= Zhu Fatai =

Chinese scholar (320–387)

Zhu Fatai (竺法汰 (Zhú Fǎtài); AD 320 - 387) was a Chinese Buddhist scholar of the Jin dynasty. He was a disciple of Dao'an and Fotucheng in the ancient city of Ye and taught at Jiankang.

== Biography ==
Born 320, he moved to Jiankang from what is now Yishui in Shandong. As a young man, he had studied with Dao'an at Ye under monk Fotu Cheng. Following his time under Fotucheng, he left Ye in or around 349 and followed Dao'an on his wanderings through the northern and central provinces. Dao'an and his followers were forced to flee to Xiangyang in 365; Dao'an sent Fatai to Jiankang.
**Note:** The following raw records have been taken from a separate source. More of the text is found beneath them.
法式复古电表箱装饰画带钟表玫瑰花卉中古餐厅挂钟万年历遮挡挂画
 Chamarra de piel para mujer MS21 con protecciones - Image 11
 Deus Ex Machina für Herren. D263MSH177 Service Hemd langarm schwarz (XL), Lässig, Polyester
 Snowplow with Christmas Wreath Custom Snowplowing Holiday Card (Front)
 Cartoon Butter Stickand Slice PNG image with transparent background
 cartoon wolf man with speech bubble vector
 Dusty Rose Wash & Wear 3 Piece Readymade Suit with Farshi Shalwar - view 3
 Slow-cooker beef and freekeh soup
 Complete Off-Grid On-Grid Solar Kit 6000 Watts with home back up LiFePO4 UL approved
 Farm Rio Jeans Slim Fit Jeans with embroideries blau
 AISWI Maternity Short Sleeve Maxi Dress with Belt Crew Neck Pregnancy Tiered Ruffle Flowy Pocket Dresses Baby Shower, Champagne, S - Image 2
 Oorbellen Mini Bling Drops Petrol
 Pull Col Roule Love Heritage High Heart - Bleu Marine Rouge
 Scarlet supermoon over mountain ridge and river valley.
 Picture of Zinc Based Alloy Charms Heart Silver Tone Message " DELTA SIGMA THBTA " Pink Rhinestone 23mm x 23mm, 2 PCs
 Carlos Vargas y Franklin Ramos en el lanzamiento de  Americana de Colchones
En route to Jiankang, Fatai fell ill and was treated by the governor of the region, Huan Huo, in Jingzhou, at which several of the disciples held heated debates about the theory of the non-existence of conscious thought; this topic would feature later in Zhu Fatai's only surviving writings.

Zhu Fatai lived in Jiankang during the same period as Zhu Sengfu (c. 300–370), another Buddhist master and teacher who had arrived in Jiankang as a refugee from the north. Zhu Fatai arrived at Waguan Temple (瓦官寺 (Waguansi)) around 365 AD with over forty disciples and was greatly influenced by Zhu Sengfu. Zhu Fatai's public discussions and lectures of the Prajnaparamita were so popular that they were attended by Emperor Jianwen of Jin, other high nobles and courtiers, and thousands of other people from across the region.

Like Dao'an, Zhu Fatai had an interest in monastic life; under his organization, Waguan grew from a small temple to one of the largest and most important monasteries in Jiankang. Zhu Fatai resided at Waguan for two decades, where he was one of the most well respected and well connected scholars and monks in the capital.

=== Legacy ===
As students of secular works, Zhu Fatai's disciples included Tanyi and Tan'er, both experts of Laozi and I Ching. One of his early students was a young Daosheng, one of the foremost scholars of his lifetime. Zhu Fatai was also the teacher of Zhu Daoyi (d. 401), who founded the Huahu school.